I read it at the same time and didn't "get it" either! If there's a class discussion, things will open up for her, the structural abstractions framing the work will emerge. Knowing turn of the century American history is a vital part of "getting it." A good teacher will point out there is DEFINITELY "vampire romance" in the book, in fact that's exactly how I'd teach the book to the high school reader. It's unfair to send young readers into this work without a few prompts, or at least a really good class discussion at some point. As Max says, with each successive reading, the story keeps unfolding.

ADG said...

My Gatsby read the other week was easy and fun. I suppose it's a matter of .... whatever. I also bought the movie on iTunes this weekend. I'll be leaving Fitzgerald sometime this week though...for an O'Hara revisit. I have An Appointment With.....

Toy Soldiers...yes, all of these are mine. With the exception of some of the civilian kids and stuff...including the Punch and Judy set...those are LFG's. The toy soldier shop in Annapolis is closed. Alas. Main Liner....I used to have a bunch of Dimestore Manoils etc but sold them off to focus more on late 19th c. German solid casts ie...Heyde etc.

Atticus C. said...

As a fellow collector of Toy Soldiers I have to say I really enjoyed this post. Your Collection has such unique pieces...

Anonymous said...

CeCeNeutrals

It was 1980, Lady. That was all Armani. No GTH colors in that man's closet.

CeceliaMc said...

"It was 1980, Lady. That was all Armani. No GTH colors in that man's closet."
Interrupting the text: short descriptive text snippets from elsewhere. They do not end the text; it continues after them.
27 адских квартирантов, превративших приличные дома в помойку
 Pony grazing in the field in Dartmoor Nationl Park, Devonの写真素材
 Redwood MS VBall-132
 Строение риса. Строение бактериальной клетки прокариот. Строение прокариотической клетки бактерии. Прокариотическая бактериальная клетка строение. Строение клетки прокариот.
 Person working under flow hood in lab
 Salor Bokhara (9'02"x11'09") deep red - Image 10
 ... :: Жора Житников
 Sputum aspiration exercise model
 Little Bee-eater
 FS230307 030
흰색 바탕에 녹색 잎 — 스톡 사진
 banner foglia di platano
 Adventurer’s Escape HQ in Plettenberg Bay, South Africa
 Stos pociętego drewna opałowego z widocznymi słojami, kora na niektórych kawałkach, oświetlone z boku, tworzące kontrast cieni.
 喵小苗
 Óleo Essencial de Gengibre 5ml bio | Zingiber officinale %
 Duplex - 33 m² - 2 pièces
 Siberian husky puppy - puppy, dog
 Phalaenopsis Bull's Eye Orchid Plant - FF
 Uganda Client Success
Too bad Mario Buatta didn't make menswear.

Anonymous said...

The Prince of Chintz? Now THAT would have resulted in some interesting trousers for ADG.

old said...

Nice collection of lead soldiers, Dustin. Did I spy a couple of mounted Royal Scots Greys in your melange or is my eyesight deteriorating mopre than I thought?

j.mosby said...

ADG,

Did you ever see the exhibit of Toy Soldiers at the National Geographic exhibit hall of Malcolm Forbes toy soldier collection? Amazing!

ADG said...

J.mosby...I did not see the Forbes collection at the National Geographic. I do have a book about his collection that was housed in Tunisia...amazing assemblage. I also know a dealer in NYC who sold him tons of stuff. Alas, the Forbes brothers sold off the remaining collection of toy ships and soldiers last month.

old...your eyesight is rather keen actually. yes, you did see that ass end of a few Royal Scots Greys.

Sartre said...

ADG: In college and for a while beyond I was a bit of a Fitzgerald freak. You should procure a book called The Romantic Egoists: The Scrapbooks of FSF (or some such), edited by Matthew J. Bruccoli. It's a lovely tome (and it is a tome) and easily available through abebooks, alibris, and similar sites.

In college I was fortunate enough to have as an English professor John Bishop, who was the son of John Peale Bishop. John Peale was FSF's roommate at Princeton and the model for Thomas Parke d'Invilliers in This Side of Paradise. Lots of interesting stories. He was for a time married to Alison Lurie, a damn fine novelist in her own right.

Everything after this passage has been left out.